Records provided: Begin

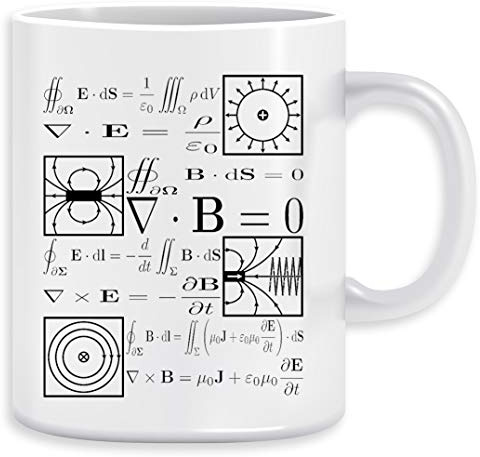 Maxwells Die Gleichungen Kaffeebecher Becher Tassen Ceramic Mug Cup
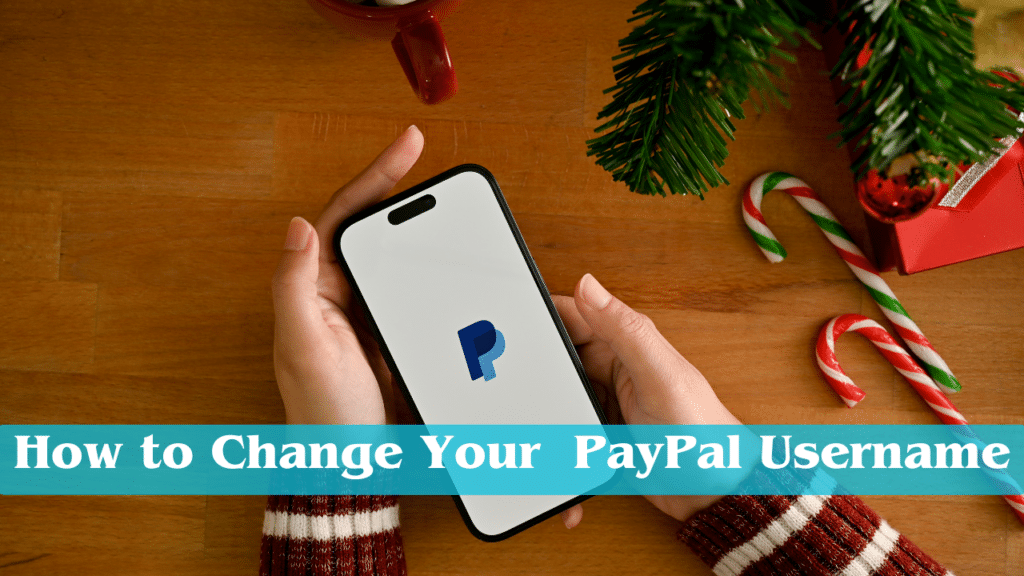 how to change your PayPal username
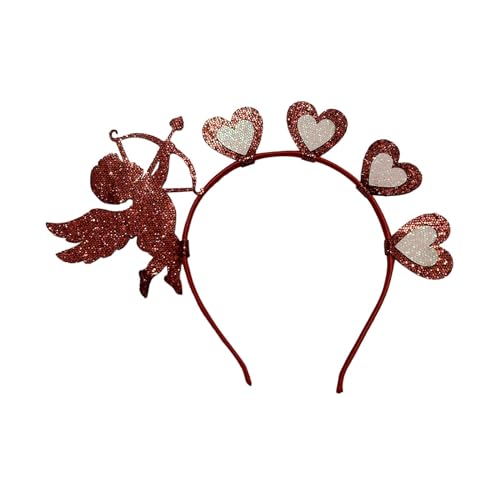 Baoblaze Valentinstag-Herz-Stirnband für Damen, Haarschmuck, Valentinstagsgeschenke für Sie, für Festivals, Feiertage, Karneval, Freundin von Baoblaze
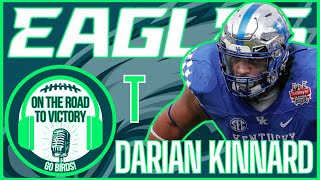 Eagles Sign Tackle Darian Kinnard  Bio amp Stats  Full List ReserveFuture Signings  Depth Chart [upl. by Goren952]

Records provided: End
Records provided: Begin

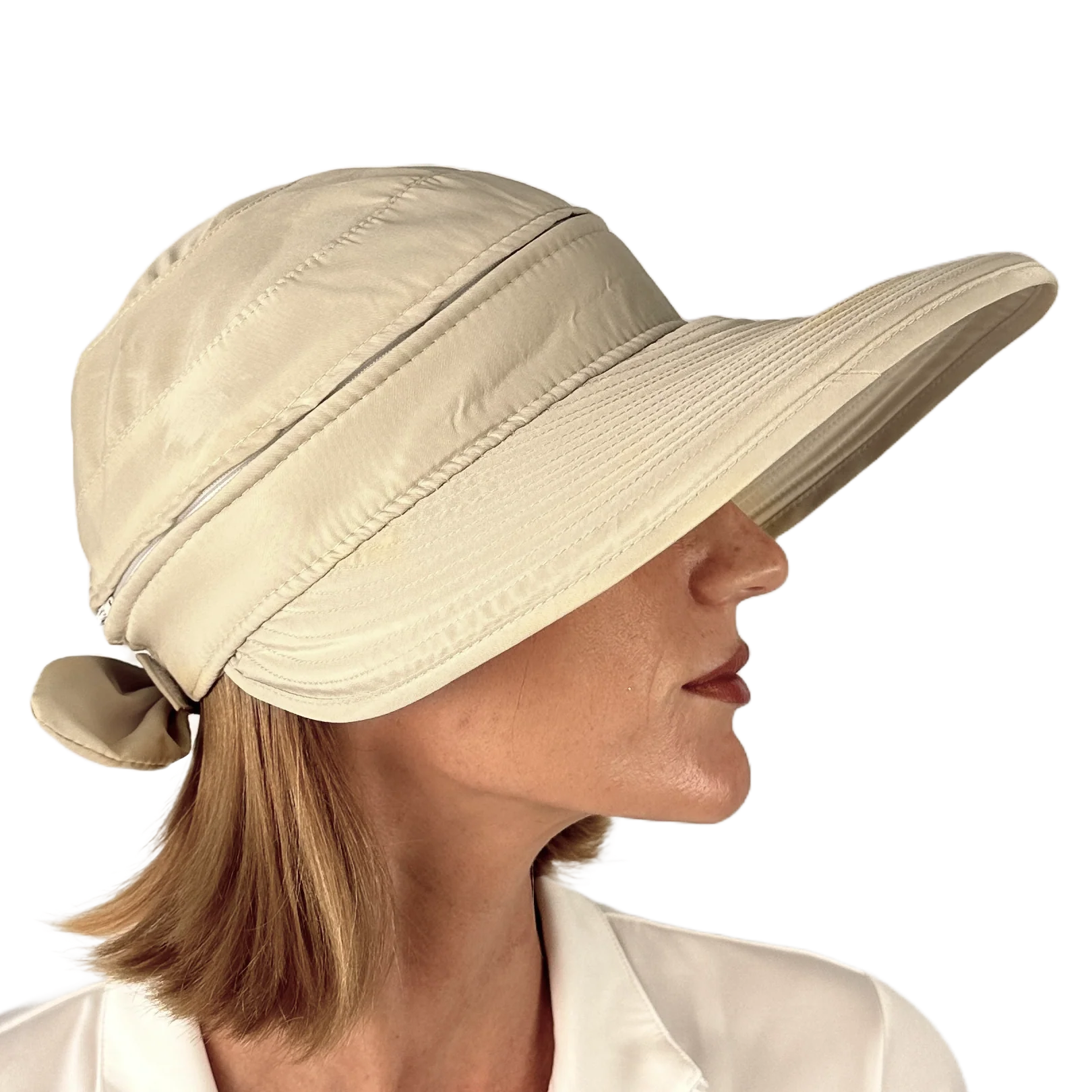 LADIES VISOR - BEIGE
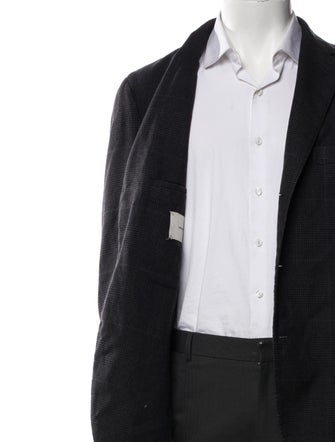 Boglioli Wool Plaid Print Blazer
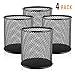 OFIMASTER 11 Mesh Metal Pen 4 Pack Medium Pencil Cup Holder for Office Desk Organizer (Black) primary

Records provided: End
Records provided: Begin

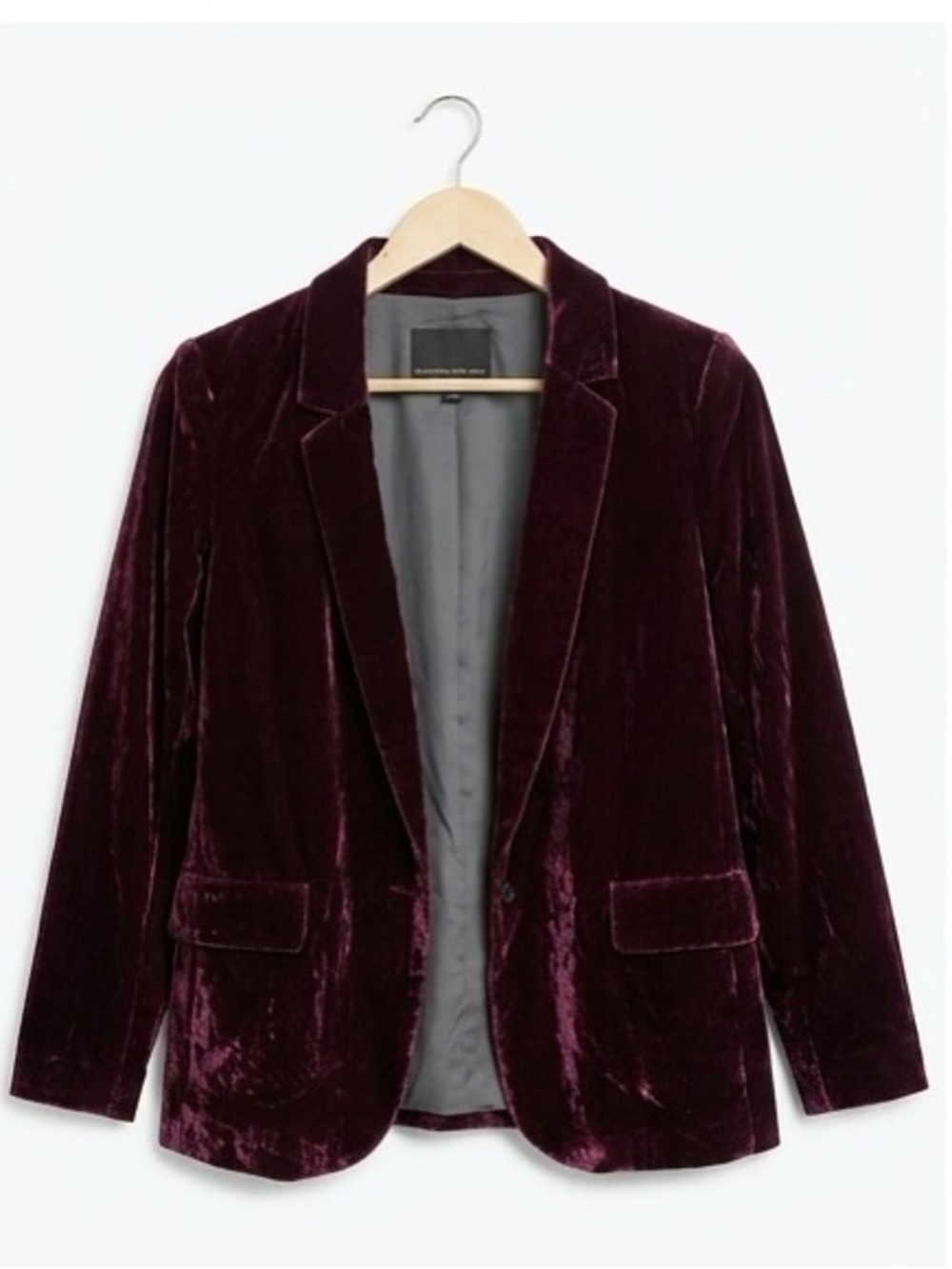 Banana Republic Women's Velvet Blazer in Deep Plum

Records provided: End

Aim of the task >> Within the listing above, the stretch from the line with "Baoblaze Valentinstag-Herz-Stirnband für" down to the line with "Eagles Sign Tackle" is to be given again exactly, end lines included and pictures excluded.

Answer to the exercise >>
 Baoblaze Valentinstag-Herz-Stirnband für Damen, Haarschmuck, Valentinstagsgeschenke für Sie, für Festivals, Feiertage, Karneval, Freundin von Baoblaze
 Eagles Sign Tackle Darian Kinnard  Bio amp Stats  Full List ReserveFuture Signings  Depth Chart [upl. by Goren952]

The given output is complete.